But as Taiwan has democratised, the sense of "Taiwan identity", as opposed to "Chinese identity", has rapidly increased. The minority of mainlanders have lost their privileged position in Taiwanese politics and society, but large numbers of second-generation mainlanders have developed a fair amount of "Taiwan identity" and contribute to the island's democratic richness.
Many people in Australia, including politicians from both sides of the fence, have strong sympathy with Taiwan even if we do not officially recognise the island diplomatically. We do, in fact, have a large unofficial office in Taipei that represents our interests in Taiwan, and the Taiwan Government has offices in Australia.
Our Government has on many occasions stated that any changes to the status of Taiwan should occur peacefully and with the consent of the people of Taiwan, who number 23 million.

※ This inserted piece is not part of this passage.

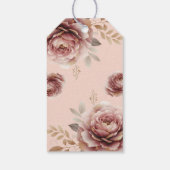 Personalisierte Aquarellbahn Bridal Hoch Teedusche Geschenkanhänger (Rückseite)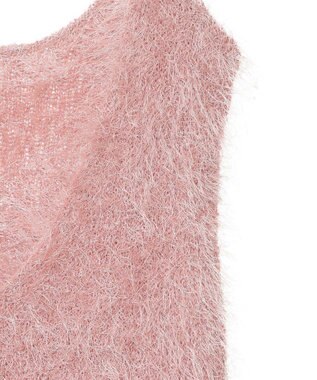 AMERICAN HOLIC 選べる丈２サイズ前後２ｗａｙシャギーベスト Pink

China, however, maintains Taiwan still belongs to it, even though Taiwan has never been part of the People's Republic. In fact, it is China that is the "threat" in the region, pointing something like 600 missiles at Taiwan and continuously increasing the number of these missiles and other armaments to threaten the island. Chinese defence expenditures rise constantly, while those of Taiwan and other countries such as Japan have remained low. Thus, it is China that is trying to change the status quo.
Australia faces a number of competing pressures from China. We seek China's assistance in maintaining regional stability and in solving the North Korean nuclear problem. We also have large trading interests with China, though the balance of trade is in China's favour.
Taiwan, on the other hand, is a vigorous democracy. Australia has sent troops to Afghanistan and Iraq in recent years to try to implant democracy in those countries. Clearly, we should not shun emerging democracies such as Taiwan simply because China claims them. We also have substantial trade and investment interests in Taiwan - and the balance of trade with Taiwan is in Australia's favour.
Ideally, Australia will continue its quiet, officially "unofficial" diplomacy with Taiwan. We will continue to urge China to talk to Taiwan and to continue to enhance their ever-growing economic trade and investment, which is vital to China's economic growth and reform.
Last Saturday's moderate decisions by Taiwan's electorate will, it is to be hoped, encourage China to open talks with the Chen Shui-bian Government. Even if the two sides fail to reach agreement, such talks should enable Beijing to gain some understanding of Taiwan's goodwill towards China.
Bruce Jacobs, professor of Asian languages and studies at Monash University, was in Taiwan to observe the weekend election.